Nach der Schule und einer abgebrochenen Ausbildung jobbte er und verlor nach eigener Aussage "viel Geld mit Strukturvertrieb". Richter Büchs konnte sich unter "Strukturvertrieb" wenig vorstellen. Auf Nachfrage erläuterte der 21-Jährige, dass er ein Produkt über Empfehlungen an Bekannte vertreiben wollte. "Das klassische Schneeballsystem", stellte der Richter fest. Um welches Produkt es ging? "Kryptowährung." Dafür hatte sich der Angeklagte damals mehrere Tausend Euro von Familie und Bekannten geliehen, aber auf einmal sei die Firma im Internet von der Bildfläche verschwunden gewesen, das Geld war futsch.
Wenn der Richter zum Lebensberater wird
Etwas skeptisch reagierte Richter Büchs auch auf die "Ausbildung", die der Angeklagte gerade macht. Die koste monatlich 500 Euro, laufe komplett übers Internet und habe mit Digitalisierung zu tun. Welche Bezeichnung die Ausbildung genau hat, konnte der junge Mann nicht sagen. Er möchte sich jedenfalls selbstständig machen und "ein Team aufbauen". Der Richter empfahl dem Mann, das Ganze noch einmal zu hinterfragen und vielleicht auch mal mit dem Vater zu bereden. Vielleicht wäre doch eine klassische Ausbildung der bessere Weg?
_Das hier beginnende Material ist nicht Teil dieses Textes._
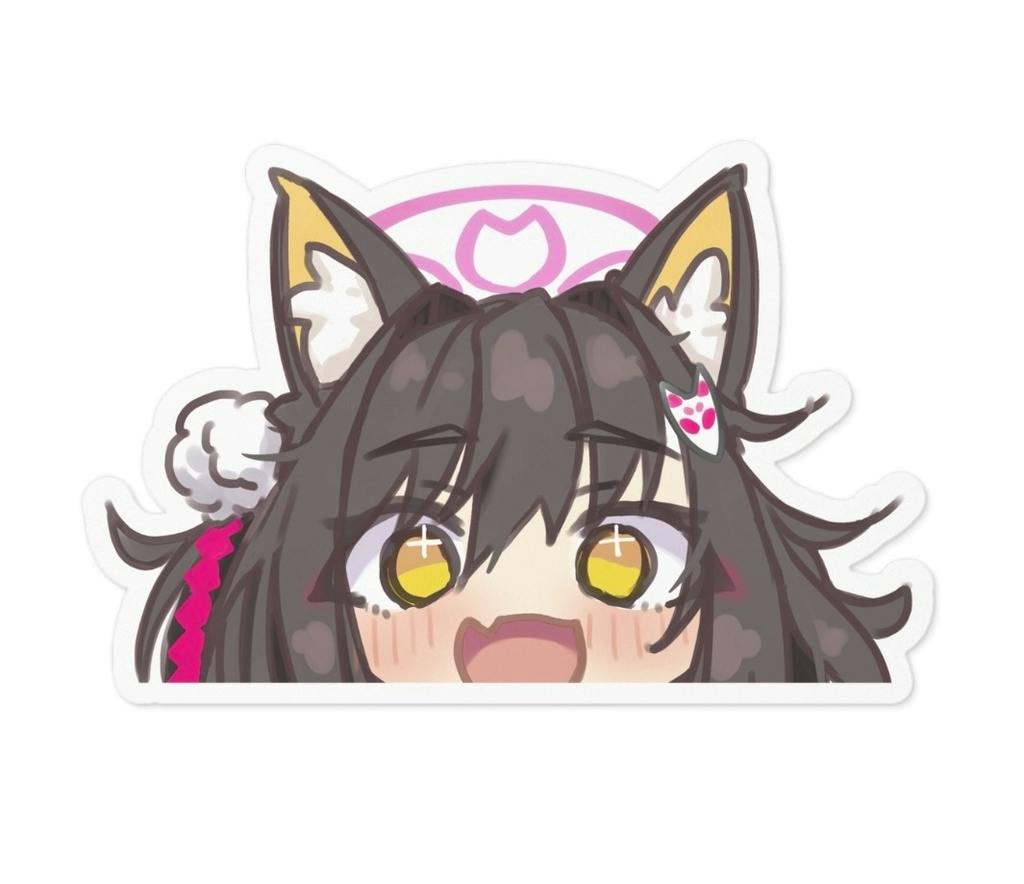 Paper sticker showing the top of an anime-style character's face with cat ears and yellow eyes.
Zu den ihm vorgeworfenen Diebstählen im Zug sagte der Angeklagte, dass er damals mit Freunden in Würzburg zum Feiern war und morgens mit dem ersten Zug wieder nach Hause fuhr – betrunken. Er habe sich wieder einmal "Frust weggetrunken". Er schäme sich für die dumme Aktion. Er war einmal bei der Jugendgerichtshilfe vorstellig, war danach aber nicht mehr zu erreichen. Die festgesetzte Strafe von 400 Euro zahlte er nicht, weshalb er jetzt vor Gericht erscheinen musste. An eine Verurteilung wegen Betrugs im November konnte er sich zunächst nicht erinnern, erst als die Staatsanwältin sagte, dass es um ein Taxi ging, dämmerte es ihm. Die Strafe habe er bezahlt.
"Ihm fehlt anscheinend die Fähigkeit, Dinge kritisch zu hinterfragen", befand die Staatsanwältin und plädierte auf die Anwendung von Jugendstrafrecht. Das sah auch Richter Büchs so und verurteilte den Heranwachsenden nach Jugendstrafrecht wegen zweifachen Diebstahls zu 40 Sozialstunden bei einer gemeinnützigen Einrichtung. Außerdem kommen für ihn die Kosten des Verfahrens dazu.